▶ _What the task requires_: Locate the line bearing "Irish in London" in the material below, then reproduce it and each following line up to and including the line bearing "FAVORITEGOODS Dán Móng".

#####

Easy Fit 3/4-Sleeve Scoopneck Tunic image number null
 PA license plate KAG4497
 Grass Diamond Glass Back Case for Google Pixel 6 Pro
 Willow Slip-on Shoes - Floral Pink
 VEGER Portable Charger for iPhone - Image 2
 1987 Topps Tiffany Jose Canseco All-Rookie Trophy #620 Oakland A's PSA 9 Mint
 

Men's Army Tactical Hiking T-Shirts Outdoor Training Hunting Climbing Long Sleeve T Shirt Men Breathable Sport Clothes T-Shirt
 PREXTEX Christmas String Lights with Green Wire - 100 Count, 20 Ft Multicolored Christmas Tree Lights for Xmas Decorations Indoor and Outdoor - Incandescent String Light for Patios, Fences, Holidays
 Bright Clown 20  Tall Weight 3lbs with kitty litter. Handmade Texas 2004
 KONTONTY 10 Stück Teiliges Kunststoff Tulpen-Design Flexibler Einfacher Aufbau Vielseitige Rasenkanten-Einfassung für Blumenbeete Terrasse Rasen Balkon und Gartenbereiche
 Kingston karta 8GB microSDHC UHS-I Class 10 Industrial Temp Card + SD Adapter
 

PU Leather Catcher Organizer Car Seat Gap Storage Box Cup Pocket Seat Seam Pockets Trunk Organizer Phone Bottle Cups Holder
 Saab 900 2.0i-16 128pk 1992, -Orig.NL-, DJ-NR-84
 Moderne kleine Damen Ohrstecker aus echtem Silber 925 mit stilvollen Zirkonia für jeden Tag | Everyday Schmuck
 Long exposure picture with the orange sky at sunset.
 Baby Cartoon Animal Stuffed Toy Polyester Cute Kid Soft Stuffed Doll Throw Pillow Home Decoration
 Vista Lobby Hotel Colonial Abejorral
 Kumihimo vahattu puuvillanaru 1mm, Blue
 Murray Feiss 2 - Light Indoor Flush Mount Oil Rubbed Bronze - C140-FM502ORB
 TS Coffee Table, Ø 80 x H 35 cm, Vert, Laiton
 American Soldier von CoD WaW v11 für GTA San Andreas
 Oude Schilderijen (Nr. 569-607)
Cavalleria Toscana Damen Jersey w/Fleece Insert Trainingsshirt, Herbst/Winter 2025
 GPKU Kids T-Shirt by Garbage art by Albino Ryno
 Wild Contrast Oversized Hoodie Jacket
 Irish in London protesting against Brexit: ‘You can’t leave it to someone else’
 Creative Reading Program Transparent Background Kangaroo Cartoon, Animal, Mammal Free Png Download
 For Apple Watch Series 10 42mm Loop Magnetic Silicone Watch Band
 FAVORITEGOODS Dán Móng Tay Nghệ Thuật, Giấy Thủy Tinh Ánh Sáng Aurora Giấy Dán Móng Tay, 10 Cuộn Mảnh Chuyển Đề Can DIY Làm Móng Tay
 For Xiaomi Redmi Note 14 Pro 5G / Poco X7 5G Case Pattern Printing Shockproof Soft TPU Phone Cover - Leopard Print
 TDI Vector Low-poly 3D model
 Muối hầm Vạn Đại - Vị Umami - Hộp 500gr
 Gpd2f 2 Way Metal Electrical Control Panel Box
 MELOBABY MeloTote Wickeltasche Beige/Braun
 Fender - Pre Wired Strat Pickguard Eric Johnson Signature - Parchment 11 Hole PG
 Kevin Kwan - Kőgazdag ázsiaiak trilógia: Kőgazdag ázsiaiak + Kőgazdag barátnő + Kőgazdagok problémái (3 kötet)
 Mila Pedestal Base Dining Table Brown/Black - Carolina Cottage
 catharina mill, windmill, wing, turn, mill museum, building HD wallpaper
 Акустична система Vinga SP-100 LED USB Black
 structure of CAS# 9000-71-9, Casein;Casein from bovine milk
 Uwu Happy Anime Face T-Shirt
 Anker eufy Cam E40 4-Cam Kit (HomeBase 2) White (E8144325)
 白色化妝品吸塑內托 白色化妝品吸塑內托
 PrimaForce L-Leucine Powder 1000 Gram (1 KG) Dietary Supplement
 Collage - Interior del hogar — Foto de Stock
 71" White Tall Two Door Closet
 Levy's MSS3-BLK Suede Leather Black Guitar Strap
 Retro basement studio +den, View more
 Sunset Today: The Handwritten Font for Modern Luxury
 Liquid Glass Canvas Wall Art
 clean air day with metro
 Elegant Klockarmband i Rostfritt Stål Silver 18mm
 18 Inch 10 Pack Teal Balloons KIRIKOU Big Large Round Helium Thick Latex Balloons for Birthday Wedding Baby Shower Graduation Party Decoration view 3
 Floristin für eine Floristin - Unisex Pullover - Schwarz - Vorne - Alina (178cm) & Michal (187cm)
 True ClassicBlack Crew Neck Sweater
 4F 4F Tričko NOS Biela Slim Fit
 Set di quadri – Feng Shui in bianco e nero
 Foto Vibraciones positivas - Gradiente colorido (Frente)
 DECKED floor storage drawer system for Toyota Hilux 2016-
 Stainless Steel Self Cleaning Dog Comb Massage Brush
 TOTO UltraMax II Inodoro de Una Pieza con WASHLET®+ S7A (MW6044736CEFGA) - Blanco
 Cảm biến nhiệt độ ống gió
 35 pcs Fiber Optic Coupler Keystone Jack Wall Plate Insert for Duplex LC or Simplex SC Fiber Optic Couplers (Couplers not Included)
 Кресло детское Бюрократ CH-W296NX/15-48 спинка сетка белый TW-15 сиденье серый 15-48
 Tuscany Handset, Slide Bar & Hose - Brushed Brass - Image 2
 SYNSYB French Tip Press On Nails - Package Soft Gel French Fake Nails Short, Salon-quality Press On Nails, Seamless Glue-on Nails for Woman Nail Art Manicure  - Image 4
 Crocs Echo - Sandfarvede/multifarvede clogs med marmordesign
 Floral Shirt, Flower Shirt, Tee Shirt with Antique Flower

#####

▶ _Output for this exercise_:
 Irish in London protesting against Brexit: ‘You can’t leave it to someone else’
 Creative Reading Program Transparent Background Kangaroo Cartoon, Animal, Mammal Free Png Download
 For Apple Watch Series 10 42mm Loop Magnetic Silicone Watch Band
 FAVORITEGOODS Dán Móng Tay Nghệ Thuật, Giấy Thủy Tinh Ánh Sáng Aurora Giấy Dán Móng Tay, 10 Cuộn Mảnh Chuyển Đề Can DIY Làm Móng Tay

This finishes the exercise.